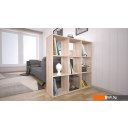 Полки, стеллажи, системы хранения Polini Kids Home Smart Кубический 9 секции (дуб)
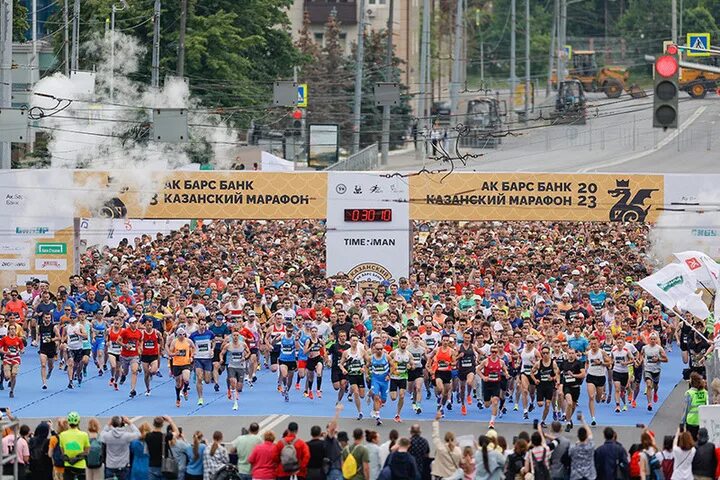 Полумарафон казань 2024 фото Стартовала регистрация на Казанский марафон-2024 - МК Казань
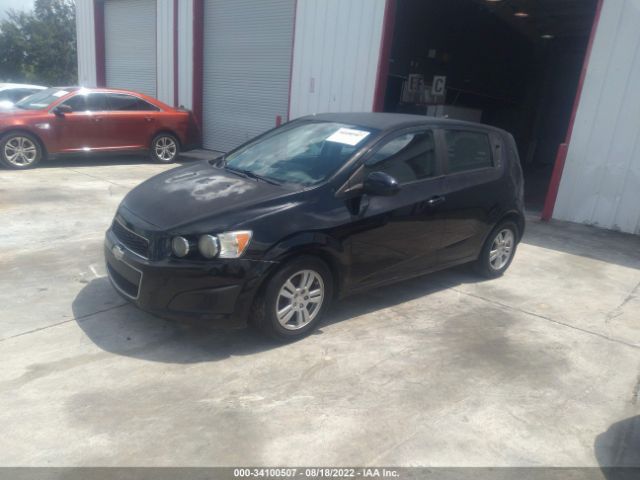 Photo 1 VIN: 1G1JA6SH8C4135529 - CHEVROLET SONIC 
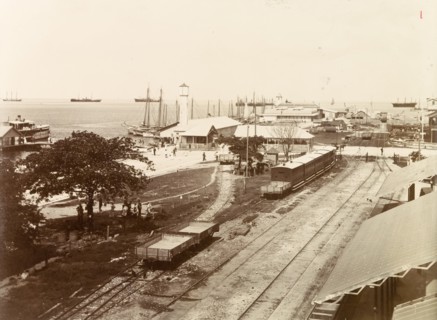Port of Spain wharf
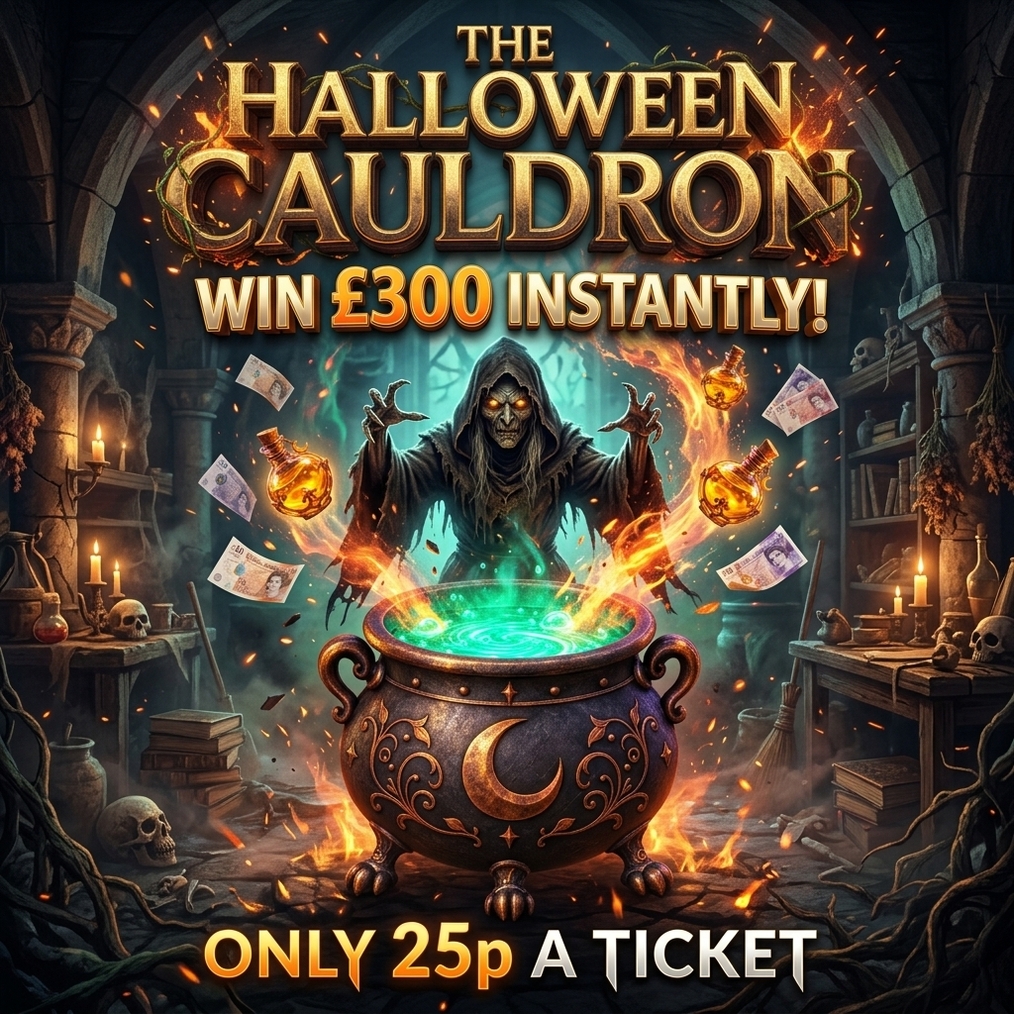 THE HALLOWEEN CAULDRON
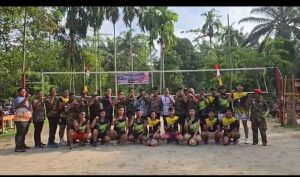 DPC Grib Jaya Asahan Gelar Turnamen Bola Volly Antar Dusun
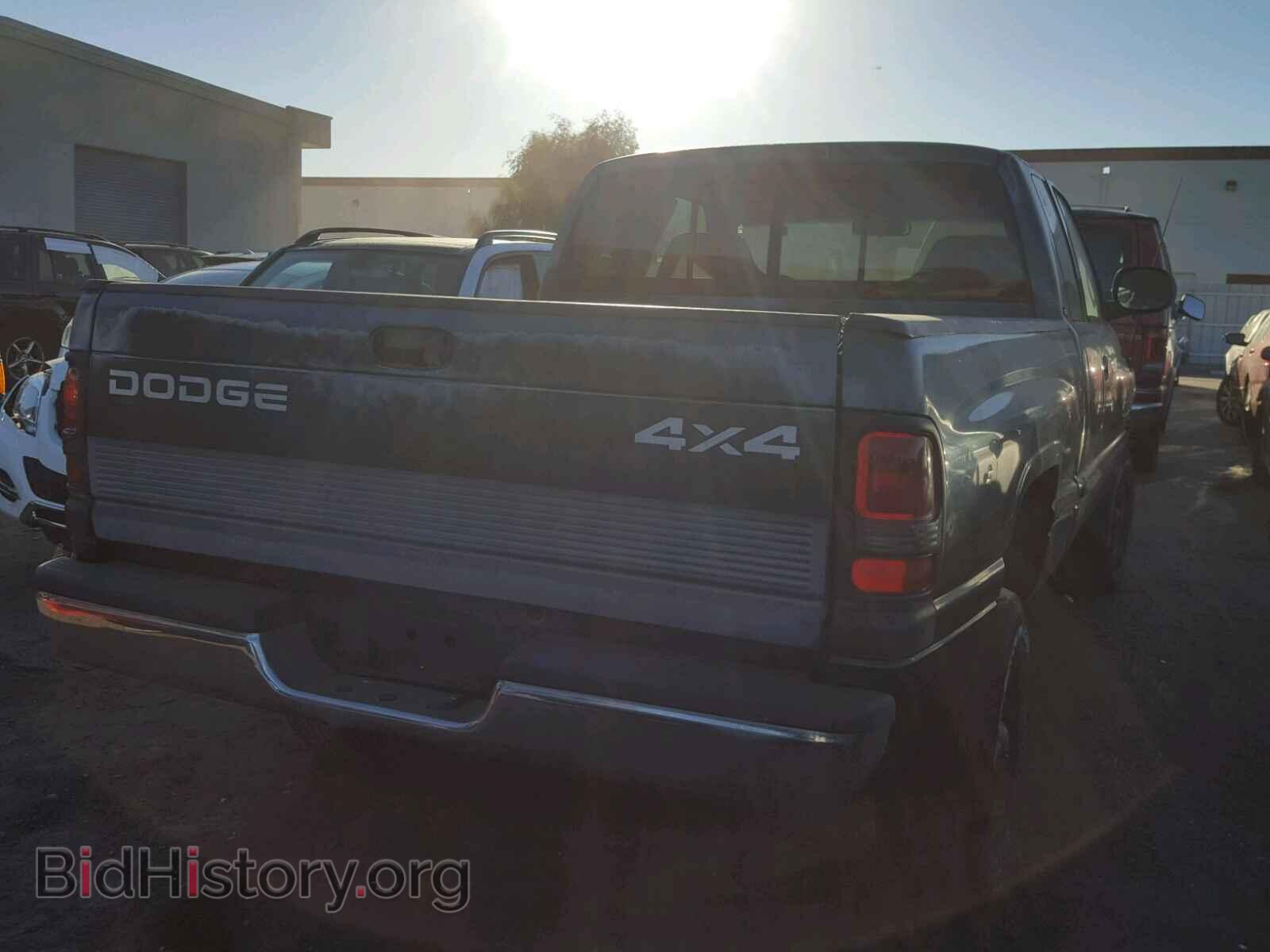 1998 DODGE RAM 1500 - VIN: 3B7HF13Y4WG169628 - Фото 4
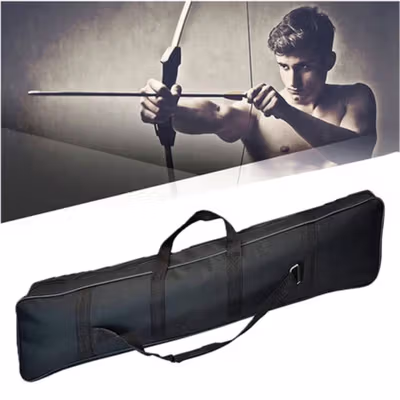 Achteruit Tas Panah Archery Recurve Bow and Arrow Bag 82cm - AC82 - Black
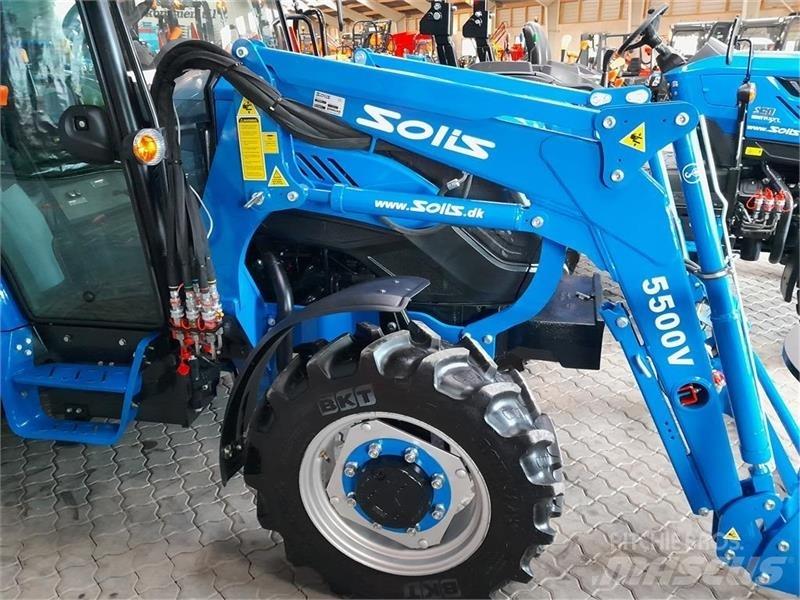 Solis 50 Traktoriai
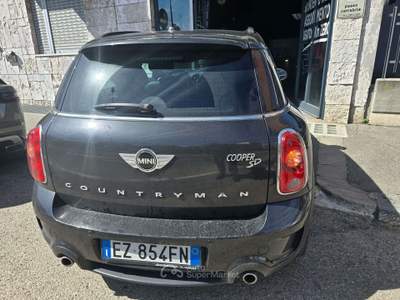MINI Cooper Mini Countryman R60 2.0 E6 Nero usata Torino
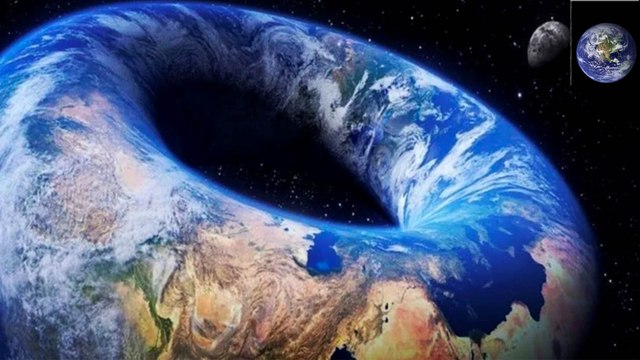 Some Flat Earthers now think Earth is actually a big doughnut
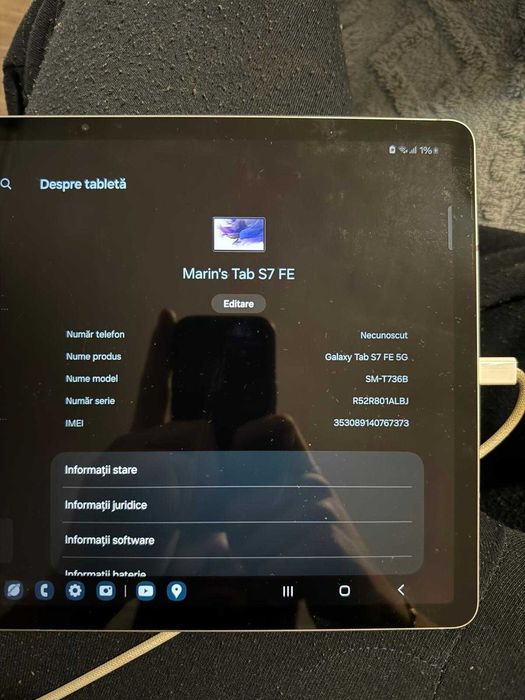 Vand tableta Tab 7 Fe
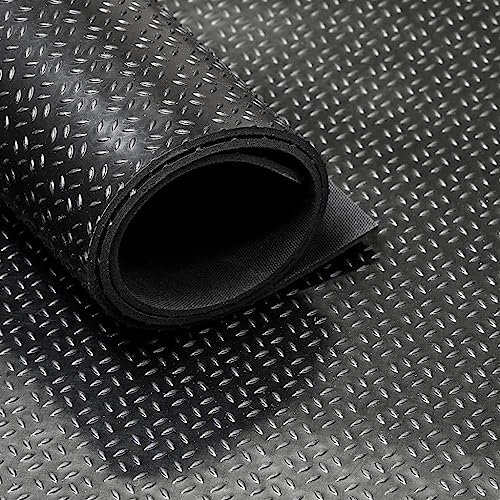 Vivol Tapis en caoutchouc de la marque Diamant Petit format 120 cm Épaisseur 3 mm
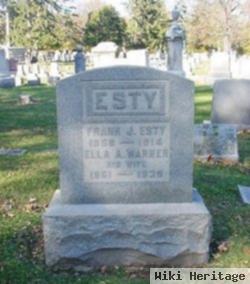 Ella A. Warner Esty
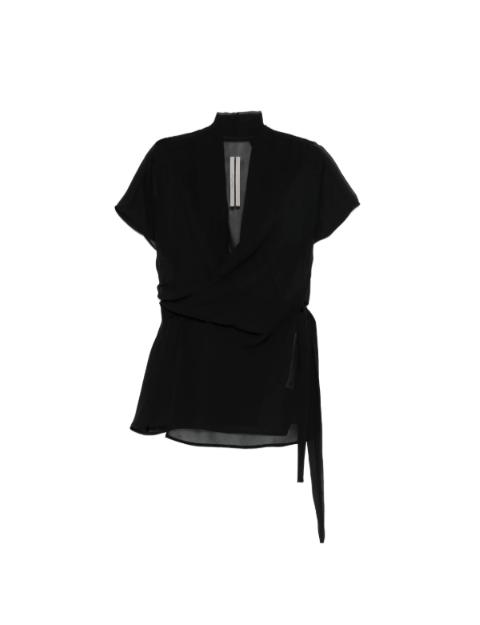 26SS 릭 오웬스 반팔 티셔츠 RP01F6233G 09 BLACK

- _Work item_
From the first line to the last, output the records exactly without pictures.

- _Written answer_
 Полки, стеллажи, системы хранения Polini Kids Home Smart Кубический 9 секции (дуб)
 Полумарафон казань 2024 фото Стартовала регистрация на Казанский марафон-2024 - МК Казань
 Photo 1 VIN: 1G1JA6SH8C4135529 - CHEVROLET SONIC 
Port of Spain wharf
 THE HALLOWEEN CAULDRON
 DPC Grib Jaya Asahan Gelar Turnamen Bola Volly Antar Dusun
 1998 DODGE RAM 1500 - VIN: 3B7HF13Y4WG169628 - Фото 4
 Achteruit Tas Panah Archery Recurve Bow and Arrow Bag 82cm - AC82 - Black
 Solis 50 Traktoriai
MINI Cooper Mini Countryman R60 2.0 E6 Nero usata Torino
 Some Flat Earthers now think Earth is actually a big doughnut
 Vand tableta Tab 7 Fe
 Vivol Tapis en caoutchouc de la marque Diamant Petit format 120 cm Épaisseur 3 mm
 Ella A. Warner Esty
 26SS 릭 오웬스 반팔 티셔츠 RP01F6233G 09 BLACK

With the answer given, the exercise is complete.